Билликан-самый-старший с неодобрением посмотрел на Билликана-младшего.
— Если ты — мой внук, — сказал он, — то ты здорово постарел, и это не пошло тебе на пользу.
С кислым выражением лица Билликан-младший промолчал и слабо улыбнулся. Впрочем, Билликан-самый-старший, казалось, и не нуждался в его ответе.
— А теперь если вы оба введете меня в курс дел, то я немедленно приступаю к своей прежней обязанности управляющего.
Прозвучало сразу два ответа, и румянец на щеках Билликана-самого-старшего начал угрожающе наливаться кровью, в то время как старик властно стучал по полу воображаемой тростью и визгливо что-то выкрикивал.

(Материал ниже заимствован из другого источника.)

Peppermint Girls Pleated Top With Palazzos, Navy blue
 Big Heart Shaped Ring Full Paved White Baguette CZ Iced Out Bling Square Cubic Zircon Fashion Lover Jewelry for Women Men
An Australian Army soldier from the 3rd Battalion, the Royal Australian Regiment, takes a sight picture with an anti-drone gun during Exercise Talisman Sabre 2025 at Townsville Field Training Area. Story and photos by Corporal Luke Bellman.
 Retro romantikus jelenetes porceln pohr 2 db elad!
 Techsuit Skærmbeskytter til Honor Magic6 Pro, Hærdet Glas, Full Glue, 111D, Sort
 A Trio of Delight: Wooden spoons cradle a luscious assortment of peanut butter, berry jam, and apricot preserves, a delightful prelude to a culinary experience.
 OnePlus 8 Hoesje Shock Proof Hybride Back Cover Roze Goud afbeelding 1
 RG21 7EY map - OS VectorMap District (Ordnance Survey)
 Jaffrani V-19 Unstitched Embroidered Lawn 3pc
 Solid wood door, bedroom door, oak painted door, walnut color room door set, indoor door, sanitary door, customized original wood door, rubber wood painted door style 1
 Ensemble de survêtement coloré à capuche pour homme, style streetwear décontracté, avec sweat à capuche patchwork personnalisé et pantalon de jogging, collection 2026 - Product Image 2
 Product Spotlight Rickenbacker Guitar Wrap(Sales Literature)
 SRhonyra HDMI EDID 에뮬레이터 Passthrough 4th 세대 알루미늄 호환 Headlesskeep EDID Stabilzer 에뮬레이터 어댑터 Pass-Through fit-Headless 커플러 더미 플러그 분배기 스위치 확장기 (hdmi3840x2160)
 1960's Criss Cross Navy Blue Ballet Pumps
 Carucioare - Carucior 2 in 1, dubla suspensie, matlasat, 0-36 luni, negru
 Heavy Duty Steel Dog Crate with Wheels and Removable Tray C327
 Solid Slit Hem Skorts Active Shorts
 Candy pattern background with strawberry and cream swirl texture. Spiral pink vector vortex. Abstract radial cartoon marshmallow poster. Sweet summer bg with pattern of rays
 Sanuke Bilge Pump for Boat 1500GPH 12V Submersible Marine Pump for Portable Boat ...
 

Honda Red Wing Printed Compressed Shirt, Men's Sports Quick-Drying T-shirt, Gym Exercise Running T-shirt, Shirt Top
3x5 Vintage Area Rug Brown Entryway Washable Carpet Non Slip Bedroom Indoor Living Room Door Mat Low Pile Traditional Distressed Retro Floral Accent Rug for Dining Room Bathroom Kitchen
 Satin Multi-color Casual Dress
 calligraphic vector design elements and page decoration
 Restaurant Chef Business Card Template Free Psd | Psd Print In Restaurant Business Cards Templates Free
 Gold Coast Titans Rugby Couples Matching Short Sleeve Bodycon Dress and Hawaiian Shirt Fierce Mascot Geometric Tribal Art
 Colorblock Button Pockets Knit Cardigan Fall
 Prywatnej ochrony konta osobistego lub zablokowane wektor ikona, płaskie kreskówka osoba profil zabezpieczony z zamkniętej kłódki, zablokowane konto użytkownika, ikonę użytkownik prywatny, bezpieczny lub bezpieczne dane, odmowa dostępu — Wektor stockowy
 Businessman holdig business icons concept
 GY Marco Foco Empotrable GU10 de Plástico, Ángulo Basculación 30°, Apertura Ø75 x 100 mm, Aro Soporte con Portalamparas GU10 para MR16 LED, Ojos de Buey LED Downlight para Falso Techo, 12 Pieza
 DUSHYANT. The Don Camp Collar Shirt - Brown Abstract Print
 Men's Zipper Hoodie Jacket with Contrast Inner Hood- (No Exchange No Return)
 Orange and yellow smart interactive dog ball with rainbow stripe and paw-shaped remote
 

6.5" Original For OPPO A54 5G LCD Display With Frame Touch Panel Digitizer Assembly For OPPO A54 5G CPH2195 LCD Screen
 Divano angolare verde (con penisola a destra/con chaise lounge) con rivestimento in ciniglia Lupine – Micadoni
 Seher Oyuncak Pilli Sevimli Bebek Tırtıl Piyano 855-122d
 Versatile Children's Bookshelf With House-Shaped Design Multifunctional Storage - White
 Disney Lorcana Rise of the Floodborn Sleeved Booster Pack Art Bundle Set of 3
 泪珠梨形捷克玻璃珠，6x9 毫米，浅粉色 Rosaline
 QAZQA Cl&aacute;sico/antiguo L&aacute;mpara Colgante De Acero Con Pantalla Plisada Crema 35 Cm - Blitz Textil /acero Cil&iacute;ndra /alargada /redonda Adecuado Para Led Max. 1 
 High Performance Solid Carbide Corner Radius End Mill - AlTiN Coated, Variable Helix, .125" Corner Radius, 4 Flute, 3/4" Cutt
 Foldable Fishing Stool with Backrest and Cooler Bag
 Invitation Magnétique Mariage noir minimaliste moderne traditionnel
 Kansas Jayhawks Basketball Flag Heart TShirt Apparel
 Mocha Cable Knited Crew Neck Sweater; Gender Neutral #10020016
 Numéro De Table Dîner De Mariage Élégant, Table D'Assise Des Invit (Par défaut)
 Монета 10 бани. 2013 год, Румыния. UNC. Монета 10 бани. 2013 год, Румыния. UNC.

— Джентльмены, — произнес Р.Е. — Джентльмены! — повысил он голос. — ДЖЕНТЛЬМЕНЫ! — что было мочи закричал он.
Переговоры разом оборвались, и все повернулись к Р.Е. От его угловатого лица, странно привлекательных глаз и язвительного рта, казалось, исходила некая сила, подчиняющая себе собравшихся людей.
— Не могу понять, о чем вы спорите, — проговорил он. — Что именно вы производите на своей фабрике?
— Битсы, — ответил Билликан-младший.
— Которые, надо полагать, представляют собой расфасованные в пакеты сухие завтраки из дробленого зерна типа хлопьев…
— Золотистых, хрустящих хлопьев, содержащих в себе уйму полезной энергии!.. — вскричал Билликан-младший.
— Покрытых сладкой как мед, прозрачной глазурью; это и сладости, и еда… — пророкотал Билликан-старший.